▶ **What is expected**:
The answer is a single number: the count of lines in the records below that contain the word "Casa".
· · · ·
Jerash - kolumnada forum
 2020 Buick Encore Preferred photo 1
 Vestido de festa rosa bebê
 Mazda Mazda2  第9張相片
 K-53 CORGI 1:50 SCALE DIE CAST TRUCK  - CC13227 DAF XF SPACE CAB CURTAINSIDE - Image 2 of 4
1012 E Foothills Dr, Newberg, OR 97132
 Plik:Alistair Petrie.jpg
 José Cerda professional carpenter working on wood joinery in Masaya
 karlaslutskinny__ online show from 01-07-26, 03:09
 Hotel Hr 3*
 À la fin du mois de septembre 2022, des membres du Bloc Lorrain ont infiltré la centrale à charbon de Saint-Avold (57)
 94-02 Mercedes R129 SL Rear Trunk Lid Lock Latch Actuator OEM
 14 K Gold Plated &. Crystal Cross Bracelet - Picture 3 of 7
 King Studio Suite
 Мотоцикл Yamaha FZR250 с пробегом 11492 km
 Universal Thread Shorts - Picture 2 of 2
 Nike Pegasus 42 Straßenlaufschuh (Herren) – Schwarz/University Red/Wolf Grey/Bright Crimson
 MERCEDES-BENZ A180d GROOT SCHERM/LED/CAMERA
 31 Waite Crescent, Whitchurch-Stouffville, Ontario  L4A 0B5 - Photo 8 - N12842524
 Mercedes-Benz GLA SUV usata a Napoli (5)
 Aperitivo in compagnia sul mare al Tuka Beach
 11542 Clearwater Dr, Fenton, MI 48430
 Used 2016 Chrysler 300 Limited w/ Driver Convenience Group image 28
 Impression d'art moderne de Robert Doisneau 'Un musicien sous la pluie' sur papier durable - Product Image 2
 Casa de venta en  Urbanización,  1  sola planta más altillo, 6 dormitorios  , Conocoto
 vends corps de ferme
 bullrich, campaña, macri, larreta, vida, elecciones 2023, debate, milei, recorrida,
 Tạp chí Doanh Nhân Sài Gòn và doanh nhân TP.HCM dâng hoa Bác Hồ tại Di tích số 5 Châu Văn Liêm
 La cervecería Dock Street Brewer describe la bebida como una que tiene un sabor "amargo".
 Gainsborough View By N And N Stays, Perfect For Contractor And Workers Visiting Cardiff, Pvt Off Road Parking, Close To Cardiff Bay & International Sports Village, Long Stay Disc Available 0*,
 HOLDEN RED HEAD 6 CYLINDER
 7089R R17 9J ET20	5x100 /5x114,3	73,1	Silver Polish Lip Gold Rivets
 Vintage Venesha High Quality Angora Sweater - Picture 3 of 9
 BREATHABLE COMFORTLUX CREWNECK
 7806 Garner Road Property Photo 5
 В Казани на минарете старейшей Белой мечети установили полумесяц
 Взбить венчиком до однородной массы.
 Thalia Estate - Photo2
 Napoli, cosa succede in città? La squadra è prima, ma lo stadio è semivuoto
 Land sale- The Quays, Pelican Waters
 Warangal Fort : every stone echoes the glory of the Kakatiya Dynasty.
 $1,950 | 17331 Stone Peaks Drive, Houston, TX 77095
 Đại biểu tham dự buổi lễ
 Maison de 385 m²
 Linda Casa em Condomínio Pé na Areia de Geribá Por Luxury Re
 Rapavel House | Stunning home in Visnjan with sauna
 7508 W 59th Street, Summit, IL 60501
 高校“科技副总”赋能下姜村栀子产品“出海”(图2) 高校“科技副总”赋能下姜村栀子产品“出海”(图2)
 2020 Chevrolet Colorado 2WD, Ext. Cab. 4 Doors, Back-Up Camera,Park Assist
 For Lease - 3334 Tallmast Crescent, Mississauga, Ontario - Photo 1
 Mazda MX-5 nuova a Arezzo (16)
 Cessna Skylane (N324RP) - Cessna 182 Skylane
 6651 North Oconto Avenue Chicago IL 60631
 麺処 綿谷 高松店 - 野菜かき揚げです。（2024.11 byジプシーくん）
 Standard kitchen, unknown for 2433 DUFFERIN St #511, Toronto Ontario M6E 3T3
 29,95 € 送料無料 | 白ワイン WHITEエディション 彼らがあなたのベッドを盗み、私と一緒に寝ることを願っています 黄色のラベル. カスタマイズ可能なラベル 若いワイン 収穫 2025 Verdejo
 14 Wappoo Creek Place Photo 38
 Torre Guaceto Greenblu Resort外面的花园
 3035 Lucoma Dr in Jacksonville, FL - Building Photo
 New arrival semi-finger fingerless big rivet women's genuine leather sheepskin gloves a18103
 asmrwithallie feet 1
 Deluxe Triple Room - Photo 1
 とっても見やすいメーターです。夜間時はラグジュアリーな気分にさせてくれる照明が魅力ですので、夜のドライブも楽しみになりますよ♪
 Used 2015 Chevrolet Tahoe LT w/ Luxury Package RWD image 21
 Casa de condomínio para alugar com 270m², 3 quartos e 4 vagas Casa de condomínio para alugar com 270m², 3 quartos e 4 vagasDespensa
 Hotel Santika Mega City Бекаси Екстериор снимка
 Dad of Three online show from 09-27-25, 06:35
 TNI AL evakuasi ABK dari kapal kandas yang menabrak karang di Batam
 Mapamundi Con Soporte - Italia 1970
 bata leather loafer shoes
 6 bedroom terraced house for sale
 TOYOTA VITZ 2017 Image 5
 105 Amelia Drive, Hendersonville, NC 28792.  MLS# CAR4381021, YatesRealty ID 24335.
· · · ·
▶ **Exercise answer**:
3